The Federal Circuit made headlines when it affirmed the U.S. District Court for the Eastern District of Virginia’s holding that an artificial intelligence (AI) cannot qualify as an “inventor” under the Patent Act – only (human) “individuals” can. The patent application at the heart of the case listed a single inventor with the given name “DABUS” and the family name “(Invention generated by artificial intelligence).” The district court had granted the motion for summary judgment of the United States Patent and Trademark Office (USPTO) after the applicant and assignee of the patent application, Stephen Thaler, challenged the USPTO’s denial of his petition and requested reconsideration of the Office’s dismissal of his patent application for failure to identify each inventor by his or her legal name. While the Federal Circuit opinion is important, we anticipate the real-life upshot of its holding will be minimal. As the court said, “we are not confronted today with the question of whether inventions made by human beings with the assistance of AI are eligible for patent protection,” and yet that is the question that is most relevant today. (Thaler v. Vidal, 2021-2347, 2022 WL 3130863 (Fed. Cir. Aug. 5, 2022) at 10.)
Thaler v. Vidal hinged on a straightforward question of statutory interpretation.
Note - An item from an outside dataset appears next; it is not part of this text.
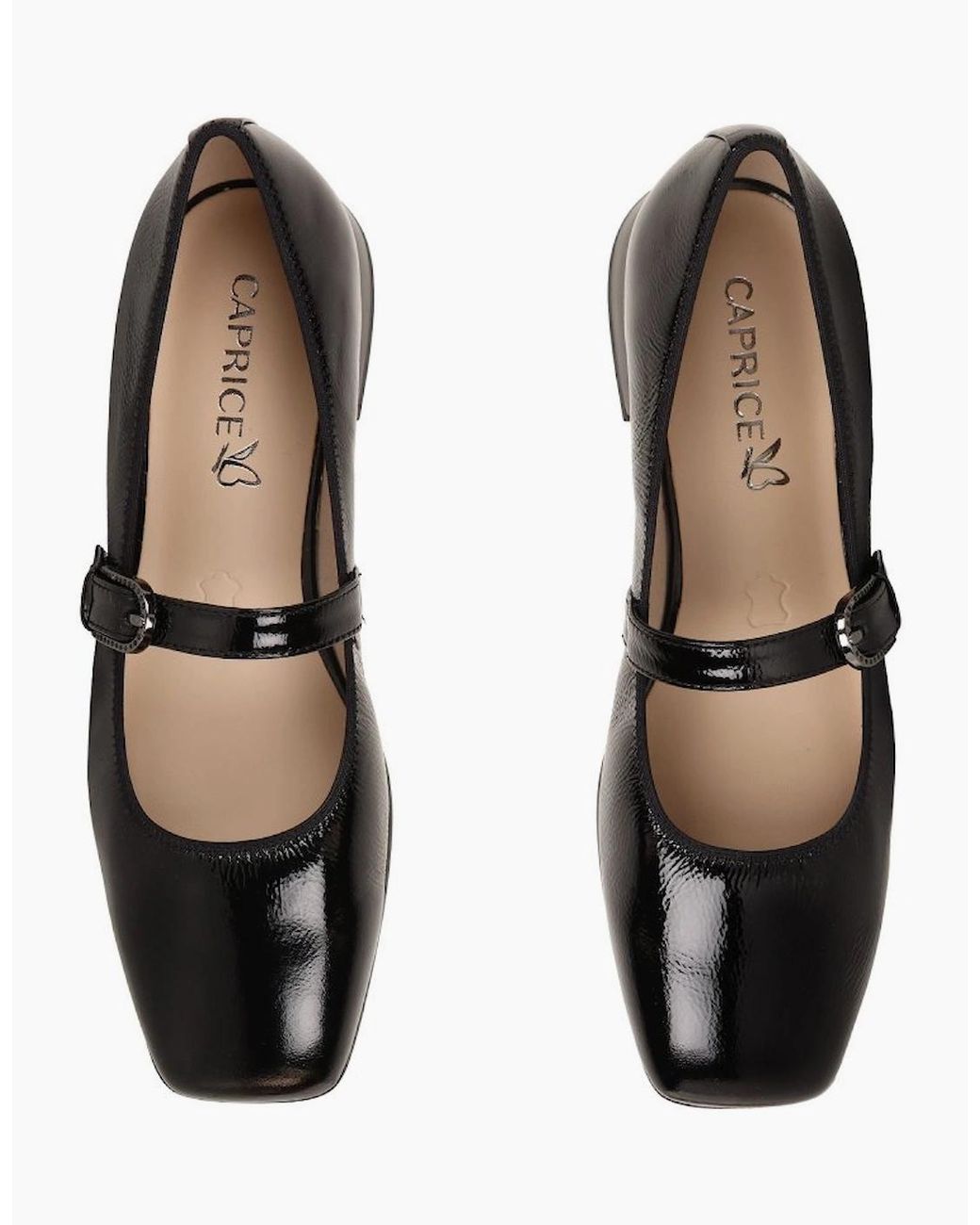Caprice Black Verity Shoes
Under the Leahy-Smith America Invents Act (AIA), to be accepted, patent applications must include the name of the inventor(s) of the relevant invention along with an oath from such inventor(s) claiming the invention as their own. The AIA in turn defines “inventor” as “the individual or, if a joint invention, the individuals collectively who invented or discovered the subject matter of the invention.” 35 U.S.C. § 100(f) (emphasis added). The AIA does not define “individual.”
In the application, Thaler listed only “DABUS” (Device for the Autonomous Bootstrapping of Unified Sentience) as the inventor, claiming the invention was entirely created by the AI. The issue came down to whether an AI like DABUS could be the “individual … who invented [ ] the subject matter of the invention.”
As previewed, the important questions for businesses that use AI to create potentially patentable inventions are not, and likely will not be for some time, whether an AI can be the inventor but instead how much assistance (human) inventors may receive from an AI, and at what stages, before the humans are no longer considered to have conceived the invention and therefore are not the “inventors” – and Thaler v. Vidal provides no guidance with respect to those questions, which remain very much alive.
Answering these questions may require refining or even redrawing the line between a true inventor who “contributes to the conception of the invention,” In re Hardee, 223 USPQ 1122, 1123 (Comm’r Pat. 1984)., and a non-inventor who merely has “general knowledge regarding the anticipated [results].” Bd. of Educ. ex rel. Bd. of Trustees of Fla. State Univ. v. Am. Bioscience Inc., 333 F.3d 1330, 1340 (Fed. Cir. 2003). In the latter case, the determination of inventorship may hinge upon the extent to which the AI may be characterized as a tool used by a human, rather than an independent intelligence. Given the exponential rise of use of AI in research and development, it may only be a matter of time before courts are faced with these questions.